Quote:
Originally Posted by Rodion Romanovich
I wonder why the global warming deniers on their "list of scientists sceptical to global warming" include so many scientists who are in fact not sceptical to global warming but have merely happened to publish papers that describe non-human factors which cause climate change.
It's because most are not "global warming deniers". They don't deny global warming. What they deny is the emphasis on human causation and/or the emphasis on the possibly catastrophical resuls of global warming.
An example of the latter would be Paul Reiter, chief entomologist at the Louis Pasteur Institute nd a leading expert on malaria. He contributed to the last IPCC assessment studies (working group II) until he discovered that the non-expert authors of the chapter insisted on introducing a causal relationship between global warming and the spread of malaria. He claims the non-experts won, wich turned the chapter into a 'sham'. He asked the IPCC to have his name removed from the official list of '2000 of the world's leading scientists' who reprtedly back the latest assessment. They agreed to scrap him, but did't. In the end Reiter had to threaten a lawsuit to get is name removed.

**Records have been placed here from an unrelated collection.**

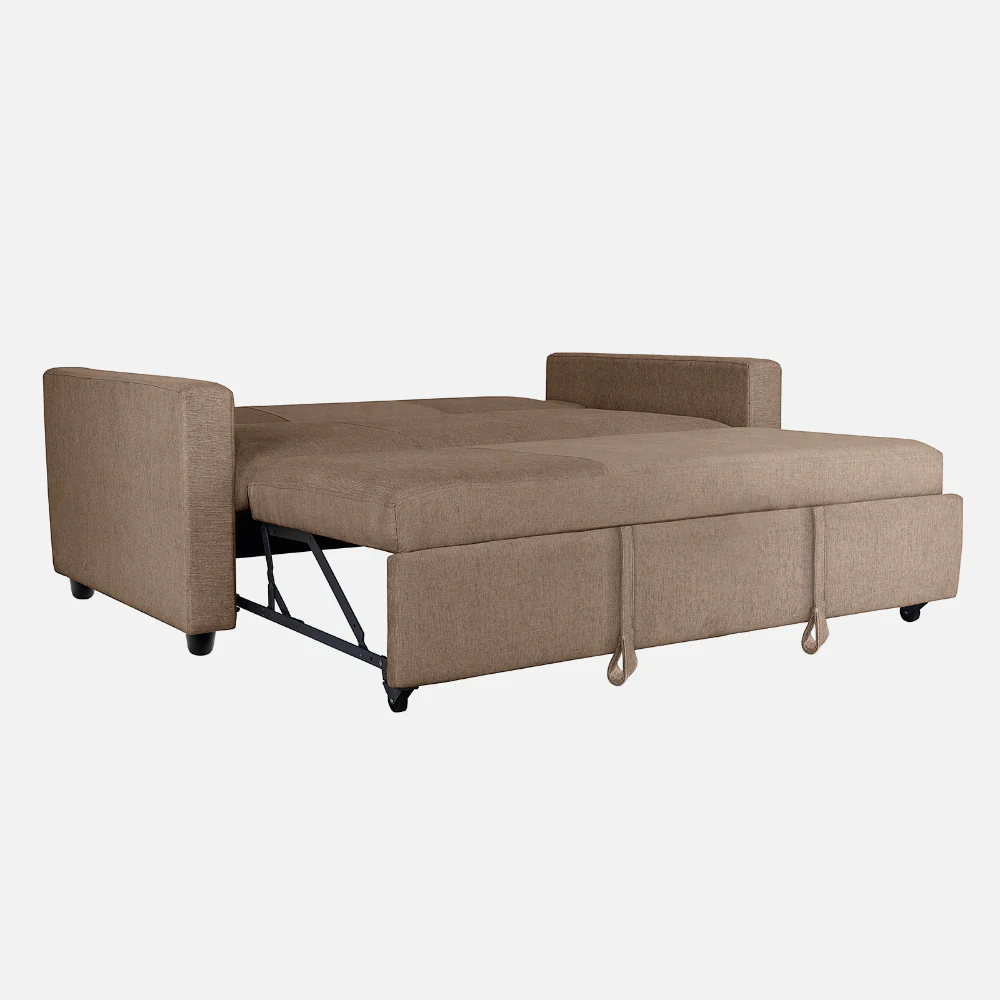 Ease Plaster Brown Fabric Sofa cum Bed - Image 14
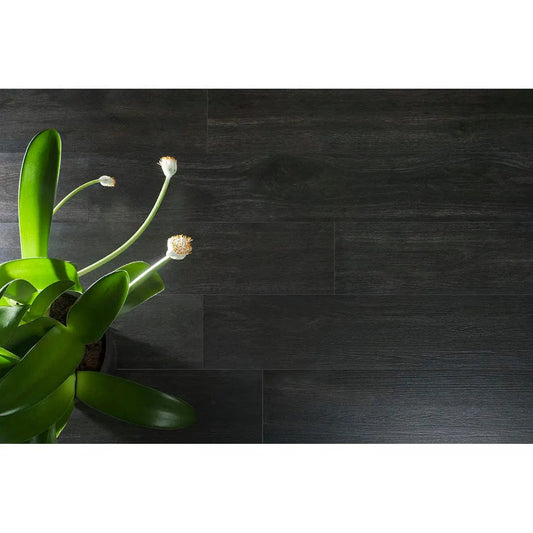 Sharpwood Nero ( Black ) Semi polished 20x120 cm Porcelain Tile from £23.99 DS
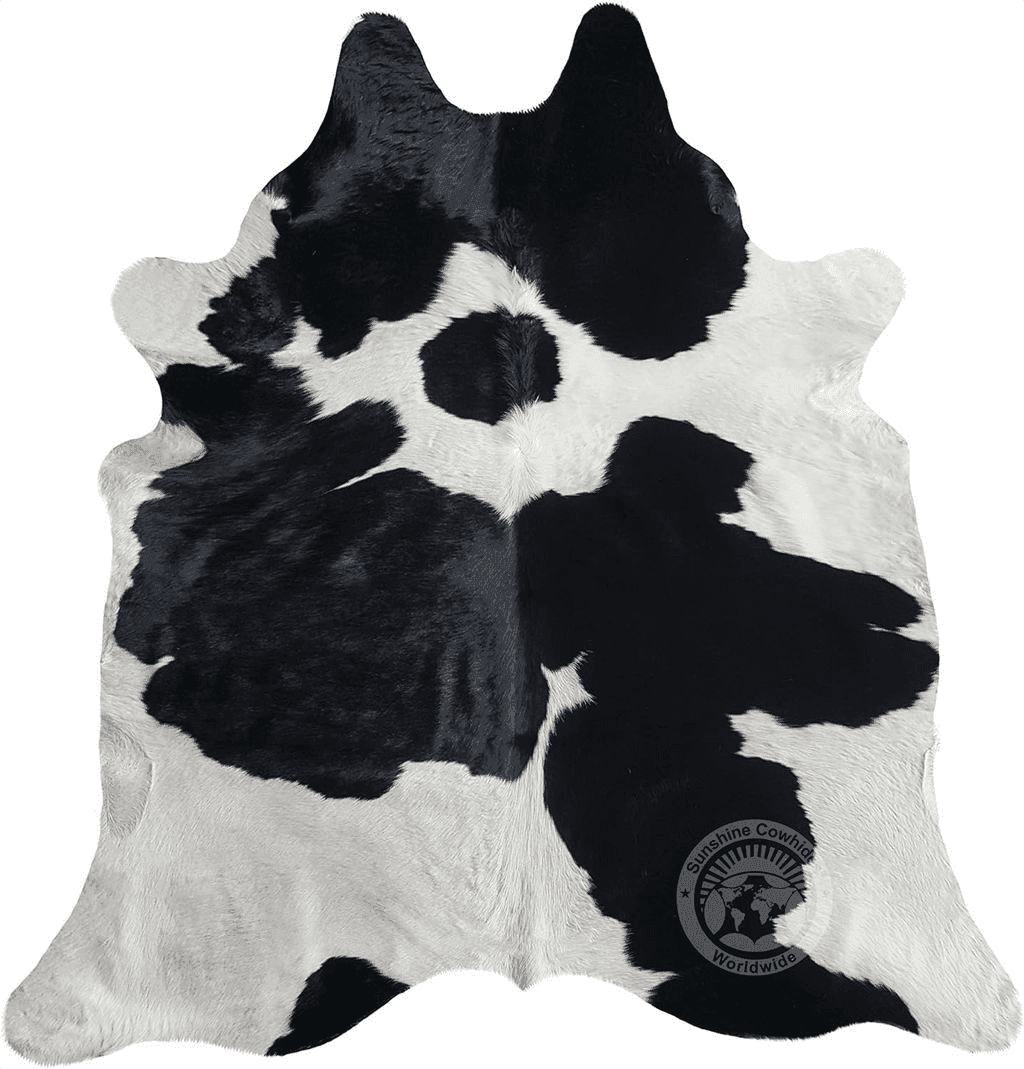 Cowhide Black White Genuine Black and White Cowhide Rug XL 6 x 7-8 ft. 180 x 240 cm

According to a 2006 testimony from Reiter to Congress:
A galling aspect of the debate is that this spurious 'science' is endorsed in the public forum by influential panels of 'experts.' I refer particularly to the Intergovernmental Panel on Climate Change (IPCC). Every five years, this UN-based organization publishes a 'consensus of the world's top scientists' on all aspects of climate change. Quite apart from the dubious process by which these scientists are selected, such consensus is the stuff of politics, not of science. Science proceeds by observation, hypothesis and experiment. The complexity of this process, and the uncertainties involved, are a major obstacle to a meaningful understanding of scientific issues by non-scientists. In reality, a genuine concern for mankind and the environment demands the inquiry, accuracy and scepticism that are intrinsic to authentic science. A public that is unaware of this is vulnerable to abuse."

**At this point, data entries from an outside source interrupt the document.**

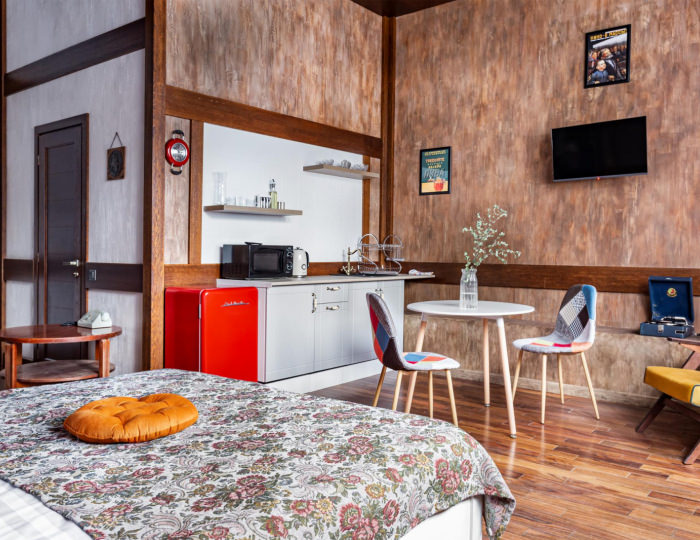 1-комнатные апартаменты улучшенные - Отель Smart Hotel / Смарт Санкт-Петербург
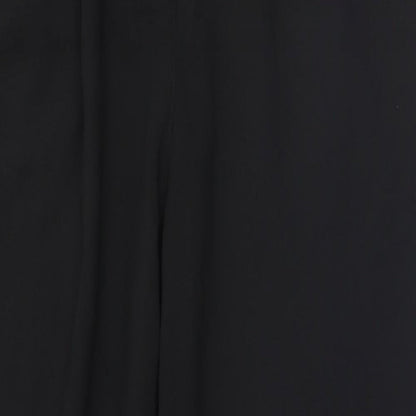 Cerise Blue Womens Black   Trousers  Size M L28 in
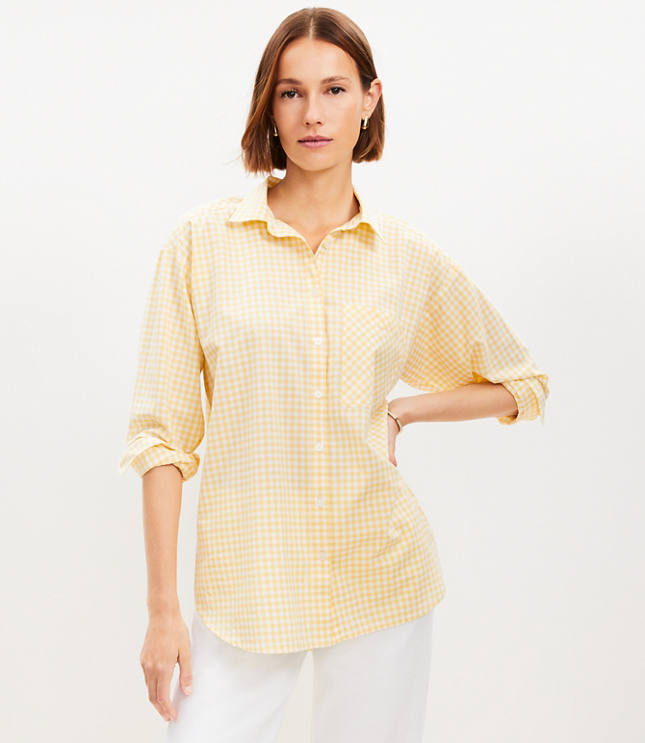 Gingham Oversized Everyday Shirt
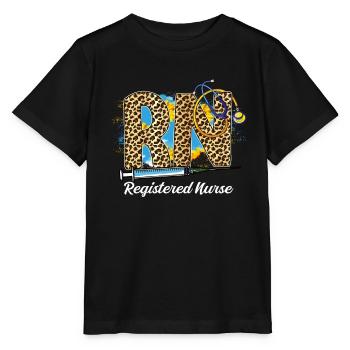 Infirmière autorisée cool - T-shirt bio MINI CREATOR Stanley/Stella Enfant - noir - Devant - Mikhail (115cm)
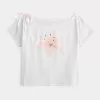 Easy Off-the-Soulder Tie T-shirt Easy Off-the-Soulder Tie T-shirt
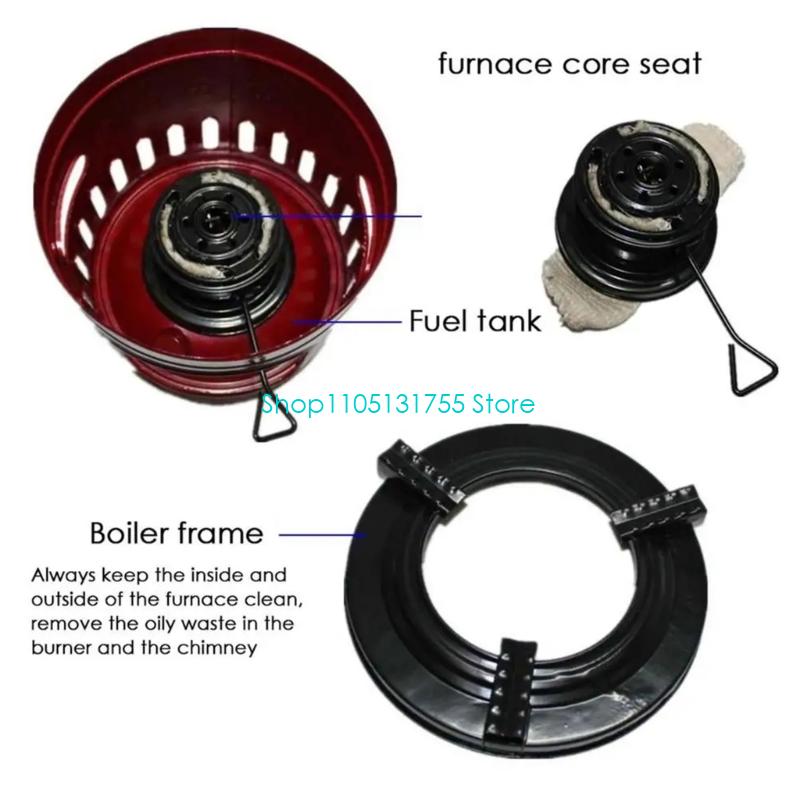 K0EF Thin Backpacking Stove Fa - Quest Outdoor Camping recensione e prezzo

Another gentleman in this category would be William Gray, another of the world's leading hurricane experts (I already mentioned Christopher Landsea earlier in the thread). In a 2005 interview with Capitalism magazine he acknowledged global warming, yet denied that it causes increased hurricane activity. And he exlicitly criticises the politicization of his area of expertise under the Clinton administration.
Q: And from a seasonal, monthly point of view, you had been predicting a growing number of hurricanes. Now, my question is in the wake of Katrina and some of the statements that we’ve heard immediately afterwards by advocates of the global warming theory – is global warming behind this increase in hurricanes?
Gray: I am very confident that it’s not. I mean we have had global warming. That’s not a question. The globe has warmed the last 30 years, and the last 10 years in particular. And we’ve had, at least the last 10 years, we’ve had a pick up in the Atlantic basin major storms. But in the earlier period, if we go back from 1970 through the middle ‘90s, that 25 year period – even though the globe was warming slightly, the number of major storms was down, quite a bit down.
Now, another feature of this is that the Atlantic operates differently. The other global storm basins, the Atlantic only has about 12 percent of the global storms. And in the other basins, the last 10 years – even though the Atlantic major storm activity has gone up greatly the last 10 years. In the other global basins, it’s slightly gone down. You know, both frequency and strength of storms have not changed in these other basins. If anything, they’ve slightly gone down. So if this was a global warming thing, you would think, “Well gee, all of the basins should be responding much the same.”
Q: You’re familiar with what your colleagues believe. Do you think many hurricane experts would take a different point of view, and would say, “Oh, it’s global warming that’s causing hurricanes?”
Gray: No. All my colleagues that have been around a long time – I think if you go to ask the last four or five directors of the national hurricane center – we all don’t think this is human-induced global warming. And, the people that say that it is are usually those that know very little about hurricanes. I mean, there’s almost an equation you can write the degree to which you believe global warming is causing major hurricanes to increase is inversely proportional to your knowledge about these storms.
Now there’s a few modelers around who know something about storms, but they would like to have the possibility open that global warming will make for more and intense storms because there’s a lot of money to be made on this. You know, when governments step in and are saying this – particularly when the Clinton administration was in – and our Vice President Gore was involved with things there, they were pushing this a lot. You know, most of meteorological research is funded by the federal government. And boy, if you want to get federal funding, you better not come out and say human-induced global warming is a hoax because you stand the chance of not getting funded.
No amount of home-baked theories about the earth's "chemical equilibrium" is going to convince me that such scientists are per se wrong to deny the so-called consensus. As Reiter stated, the notion of an established consensus in this whole field is as such, i.e. inherently, unscientific.